Duas semanas após a morte da norte-americana Terri Schiavo, que havia 15 anos vivia em estado vegetativo e teve seus aparelhos desligados por decisão da Suprema Corte dos Estados Unidos, parlamentares brasileiros decidiram apresentar propostas que vão na contramão da justiça norte-americana: proíbem a eutanásia, isto é, o direito de uma pessoa pôr fim à sua vida.
Dois projetos de lei, um em tramitação na Câmara e outro, no Senado, vedam a prática sob qualquer circunstância. O mais rigoroso deles é de autoria do deputado Osmânio Pereira (PTB-MG), que considera a eutanásia "uma violação ao direito à vida" e o tipifica como crime hediondo - inafiançável, esse tipo de crime está na mesma categoria do homicídio qualificado, tráfico de drogas e estupro, por exemplo.
"Os doentes e os idosos também são merecedores de proteção especial, dada a sua condição de fragilidade. No entanto há quem defenda a prática da eutanásia com relação a estas pessoas desprotegidas", escreve Osmânio, ao ponderar que a prática é exercida "contra insuficientes". "É indispensável, portanto, que se explicite a natureza hedionda de tais crimes, bem como se vedem legalmente quaisquer ações nesse sentido", completa.

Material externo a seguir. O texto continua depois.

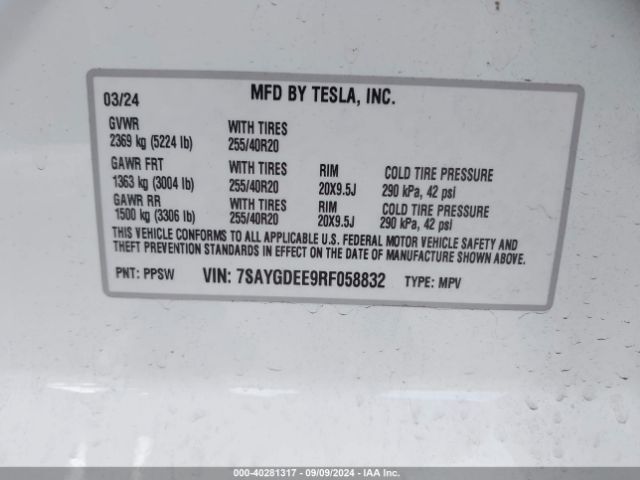 2024 TESLA MODEL Y 7SAYGDEE9RF058832 Photo 8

O segundo, do senador Papaléo Paes (PMDB-AP), é mais complexo, e pretende estabelecer o Estatuto do Enfermo, assegurando os direitos legais de quem tem a vida comprometida por doenças irreversíveis. Embora não preveja sanções penais a quem pratique a eutanásia, como faz o deputado Osmânio, a proposta do senador estabelece que o indivíduo "não tem o direito, em nenhuma circunstância, de solicitar ou de proceder no sentido de abreviar ou terminar a própria vida".
O senador, que é médico, condena expressamente a prática, e lança mão de argumentos religiosos para defender a sua proposta. "A eutanásia não deve ser permitida, já que a vida é uma coisa divina", disse. Na sua opinião, o desejo de praticar eutanásia é fruto do "egoísmo do doente", que não leva em consideração o sofrimento da família.
Outro senador governista, que não quis se identificar, disse que o Congresso não pode "fechar os olhos" para um fato presente na sociedade, e considerou as propostas contrárias à eutanásia uma "legalização da hipocrisia", já que a prática é realizada, ainda que ilegal.
Defensor sem propostas
Católico, o senador Ney Suassuna (PMDB-PB) é um dos poucos que defendem a prática da eutanásia abertamente. "Em certos casos, a vida deixa de ter razão de ser e perde a dignidade", afirmou o senador, que é autor da Lei do Transplantes de Órgãos.
Suassuna fala com a experiência de quem assistiu ao drama da evolução de uma doença sem cura em familiares. Anos atrás, sua mãe, Alice Leite Suassuna, sofria de um tipo de câncer que comprometia os movimentos. Ela não podia se mexer, sob pena de fraturar os ossos, e sofria de dores terríveis, contou o senador. "Foi um período muito difícil", desabafou.
Ele voltou a viver a situação anos depois, quando o pai, Raimundo Suassuna, sofreu de um acidente vascular cerebral (AVC). O senador não esconde o sofrimento de sua família com a doença dos pais, e já disse aos seus filhos que não gostaria que eles passassem pelo mesmo."É uma barbaridade manter uma pessoa se acabando a cada dia só porque se quer que ela viva mais um pouco", condenou o senador, que, contudo, não tem propostas para permitir a prática.
A discussão, no entanto, já avançou em alguns estados. Em São Paulo, o então governador Mário Covas (1930-2001) sancionou uma lei que dava aos pacientes o direito de recusar tratamento doloroso ou extraordinário para tentar prolongar a vida e pode escolher em que lugar quer morrer. "Faço isso não só como governador, mas também como paciente", comentou Covas, ao assinar o documento. O então governador paulista, que sofria de câncer na bexiga, passou quase quatro anos se tratando da doença.